Work item — All of the data that follows is to be written out exactly, with images excluded.

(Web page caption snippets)
※
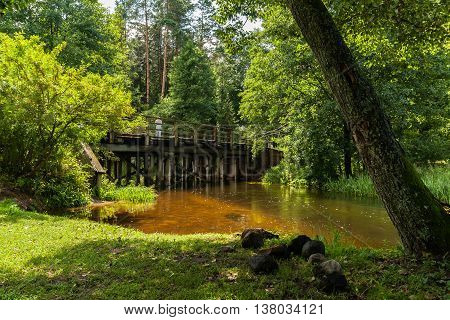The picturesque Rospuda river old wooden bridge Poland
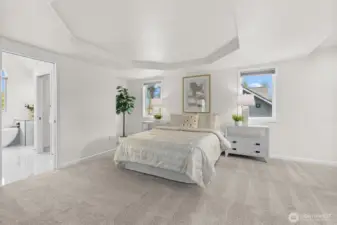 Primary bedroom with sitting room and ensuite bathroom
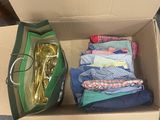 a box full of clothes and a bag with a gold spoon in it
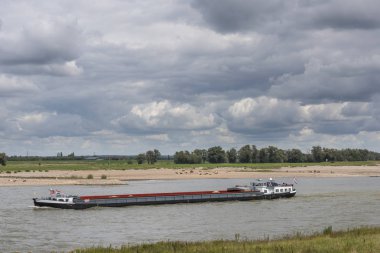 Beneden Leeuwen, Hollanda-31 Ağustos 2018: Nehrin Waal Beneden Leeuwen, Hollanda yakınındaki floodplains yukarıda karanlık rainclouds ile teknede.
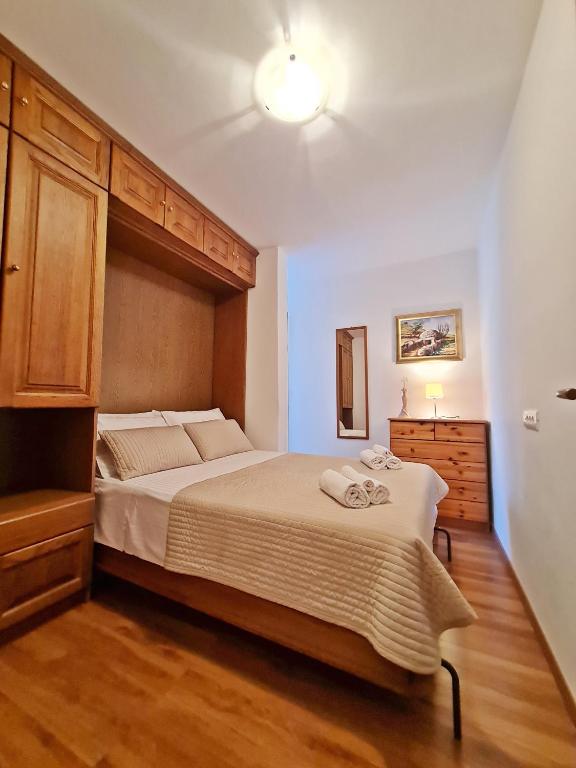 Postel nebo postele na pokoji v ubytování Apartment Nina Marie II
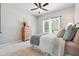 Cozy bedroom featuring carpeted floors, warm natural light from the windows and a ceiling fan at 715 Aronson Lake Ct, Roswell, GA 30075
※
Solved problem —
The picturesque Rospuda river old wooden bridge Poland
 Primary bedroom with sitting room and ensuite bathroom
 a box full of clothes and a bag with a gold spoon in it
 Beneden Leeuwen, Hollanda-31 Ağustos 2018: Nehrin Waal Beneden Leeuwen, Hollanda yakınındaki floodplains yukarıda karanlık rainclouds ile teknede.
 Postel nebo postele na pokoji v ubytování Apartment Nina Marie II
 Cozy bedroom featuring carpeted floors, warm natural light from the windows and a ceiling fan at 715 Aronson Lake Ct, Roswell, GA 30075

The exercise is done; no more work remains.